The chassis was based on the blueprint of the 1955 Ferrari 555 Supersqualo, with coil springs at the front and a De Dion axle at the rear. The Dino 156 was a heavy car, but the powerful engine made up for the weight handicap. From the autumn of 1957, larger displacement engines were used, first the 2.1-liter engine, later the 2.5-liter engine.
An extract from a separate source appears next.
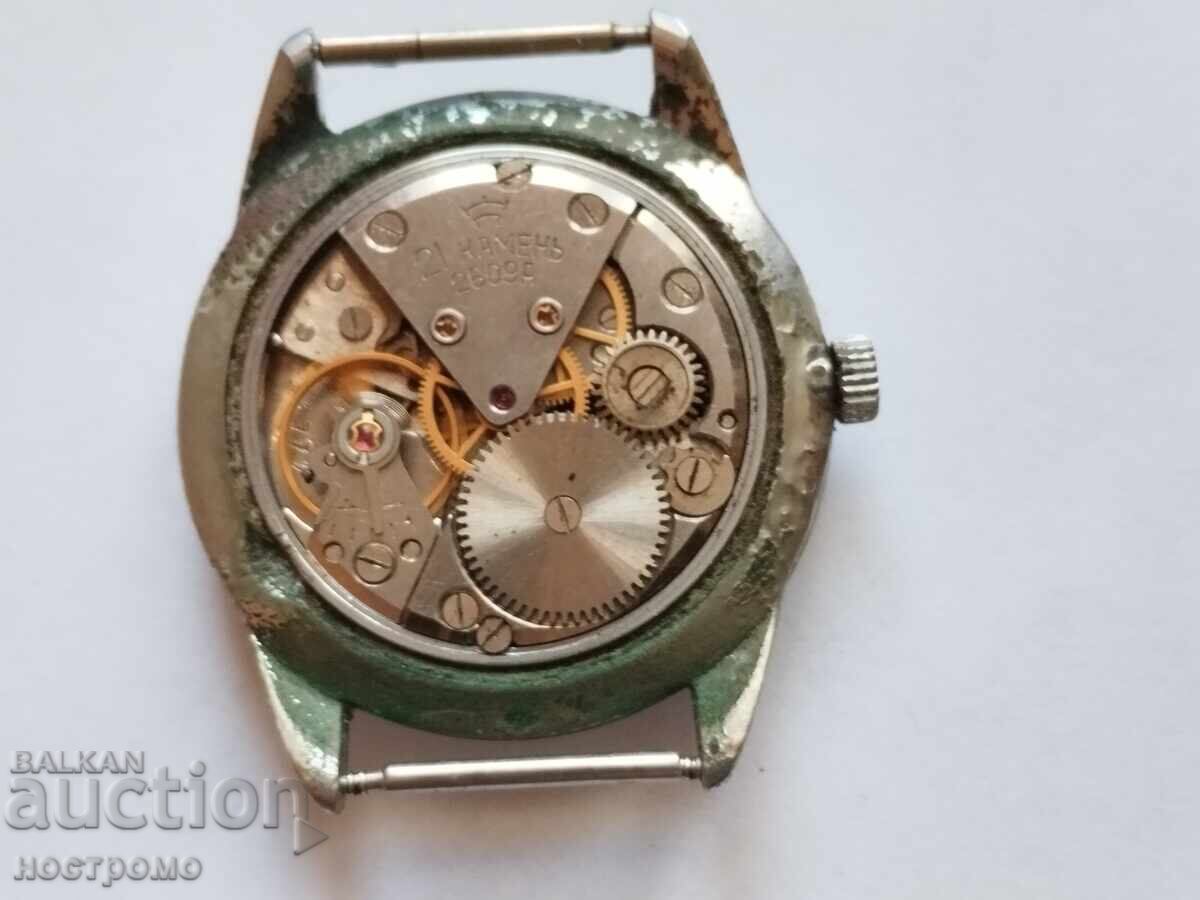 Working Rocket 21 jewels - A 7004 - 5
In 1958, a new tubular space frame was briefly experimented with, but the idea was abandoned in 1959.
== Technical data ==

| Technical data | 156 F2 |
| Engine: | Front mounted 65° 6 cylinder V engine |
| Cylinder: | 1489 cm³ |
| Bore x stroke: | 70 x 64.5 mm |
| Compression: | 9.8:1 |
| Max power at rpm: | 180 hp at 9 000 rpm |
| Valve control: | Dual Overhead Camshafts per cylinder bank |
| Carburetor: | 3 Weber 38 DCN |
| Gearbox: | 4-speed manual |
| suspension front: | Double wishbones, coil springs, anti-roll bars |
| suspension rear: | De Dion axle, double longitudinal links, transverse leaf spring |
| Brakes: | Drum brakes |
| Chassis & body: | Fackverksframe with aluminum body |
| Wheelbase: | 216 cm |
| Dry weight: | 512 kg |
| Dry speed: | 240 km/h |

==Racing history==
Basically, the 156F2 was the basis for the Ferrari Dino 246 F1, with which the Scuderia won the 1958 World Drivers' Championship. The car was rarely used in races. In 1957 the Dino 156F2 was seen in two races and Cliff Allison drove the car in the 1959 Monaco Grand Prix. Allison retired early after colliding with Bruce Halford and Wolfgang von Trips.